Shisanu : dynamic scheduling. AAA
Design: comparing scoreboard, Tomasulo, and basic pipeline.
Experiment: using a simulator (dlxview) running three small
synthetic benchmarks FP ops programs. Scoreboard and Tomasulo FP
units are not piped. The experiments are carried out varying many
parameters.
Result: The basic pipe is quite good. Scoreboard
turns out to be worst. The performance limit is due to data dependency.
benchmarks
pipe scoreboard Tomasulo
FP-mul, int add no loop 27
34
29
+ FP-div
40 41
37
+ loop
423 593
238
Tanom : Pipelined DLX BBA
Design: 5 stages DLX pipeline in the book
Experiment: Using two programs, hand simulate
1) out[i] = w1.x1 + w2.x2 + w3.x3
2) memcopy
Result:
benchmark speed up (compared to non-pipe)
pgm1 3.3
memcopy 3.6
Supaporn : Improve S2 ISA by combining the frequently
used instruction. BAA
Design: Emphasise on reducing the dynamic instruction count.
The new instruction is "compare and branch".
Experiment: two benchmarks: max, bubble compiled from high-level,
get the output assembly language and modify them to include new instruction.
Run simulation to collect statistics.
Result:
benchmarks reduction of instruction count
max 9.8%
bubble 6.3%
comment: should calculate the number of clocks. As the
new instruction can save the number of instruction but it also increase
the number of clock of its own. Of course number of clock of the
new instruction is lower and the old one combined.
Netnapa : Improve S2 addressing mode.
AAA
Design: Analyse the program (reverse character string) and found
the following addressing modes are used most:
1) load/store displacement
2) add immediate register
3) jump uncondition
Invent new instruction based on the following codes:
1: ld r1 @-1 bp
2: add r1 r1 #1
3: st @0 r1 r2 // a[i] = j
4: ld r1 @-1 bp // get j
5: add r1 r1 #10 // j = j + 10
6: st @-1 bp r1 // put j
line 3,4,5 can be replace by store and increment (j = j
+ 10)
stinc @0 r1 r2 #10
also another new instruction: swap d1(r1) d2(r2)
use in swapping the two chars.
Experiment: Compile reverse from high-level language and modify
the output assembly language to include the new instructions.

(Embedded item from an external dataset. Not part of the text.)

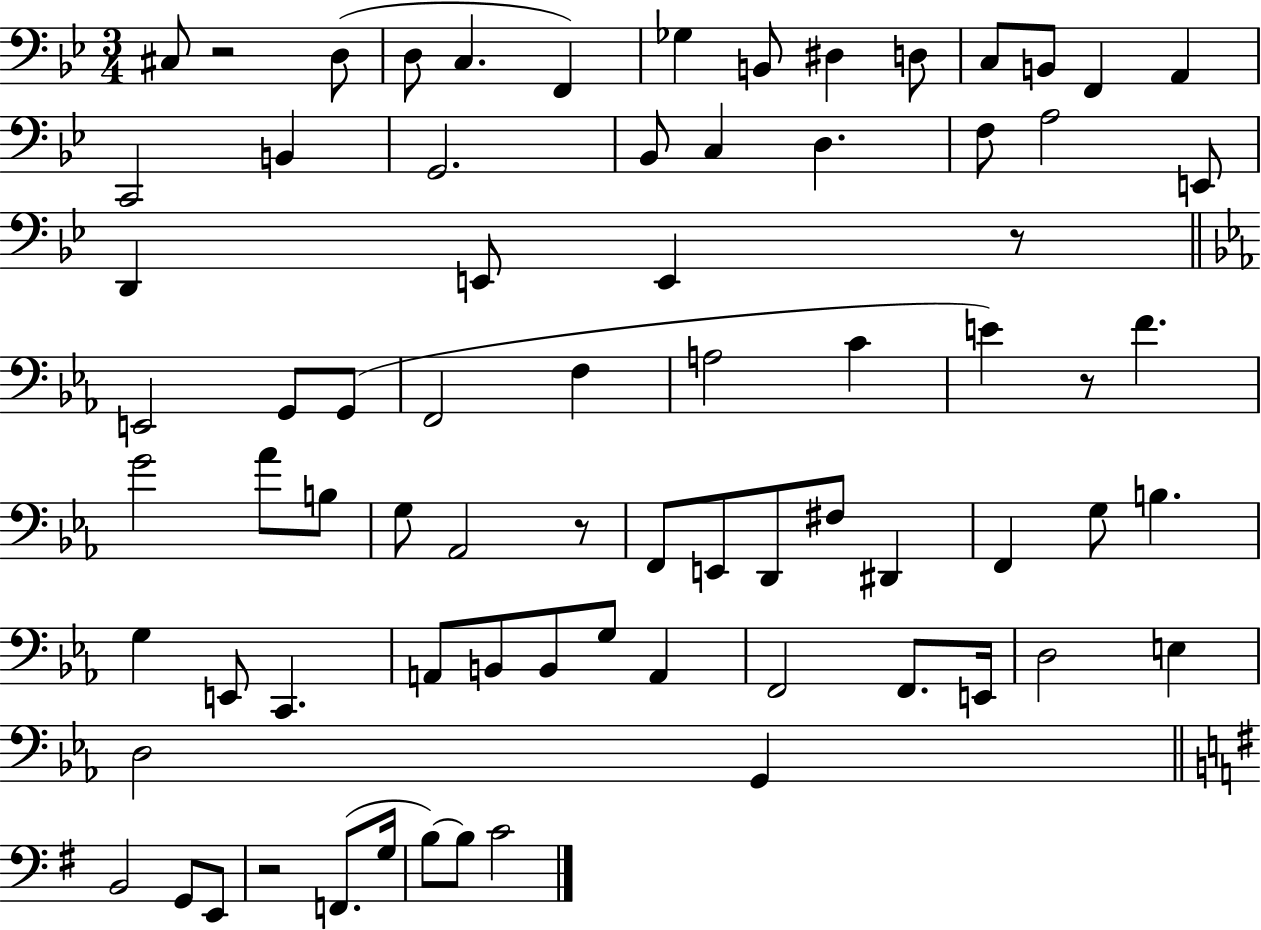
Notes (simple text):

C#3/e R/h D3/e D3/e C3/q. F2/q Gb3/q B2/e D#3/q D3/e C3/e B2/e F2/q A2/q C2/h B2/q G2/h. Bb2/e C3/q D3/q. F3/e A3/h E2/e D2/q E2/e E2/q R/e E2/h G2/e G2/e F2/h F3/q A3/h C4/q E4/q R/e F4/q. G4/h Ab4/e B3/e G3/e Ab2/h R/e F2/e E2/e D2/e F#3/e D#2/q F2/q G3/e B3/q. G3/q E2/e C2/q. A2/e B2/e B2/e G3/e A2/q F2/h F2/e. E2/s D3/h E3/q D3/h G2/q B2/h G2/e E2/e R/h F2/e. G3/s B3/e B3/e C4/h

Statistics
is calculated by hand.
Result: This improvement reduces the number of clocks from 884
to 539 clocks. CPI reduced from 5.23 to 5.10.
Benjaporn : Add new instruction to S2
B+B+A
Design: Using the idea of replacing a sequence of old instructions
by a new instruction to improve the speed of execution (as explained in
the paper "Chongstitvatana, P., Post processing optimization of byte-code
instructions by extension of its virtual machine, Proc. of 20th Symposium
of Electrical Engineering, Bangkok, Thailand, 1997." However, the context
of the paper is the virtual machine to execute byte-code. The new
instruction is "increment a variable" (in the memory)
Experiment: The benchmar program, summing an array is compiled
from high-level language and the generated assembly is modified to include
the new instruction. The statistics is collected by running in the
modified simulator.
Result: The reduction of the number of clocks is 16.4%
CPI from 5.29 (original) to 5.05 (with new instructions)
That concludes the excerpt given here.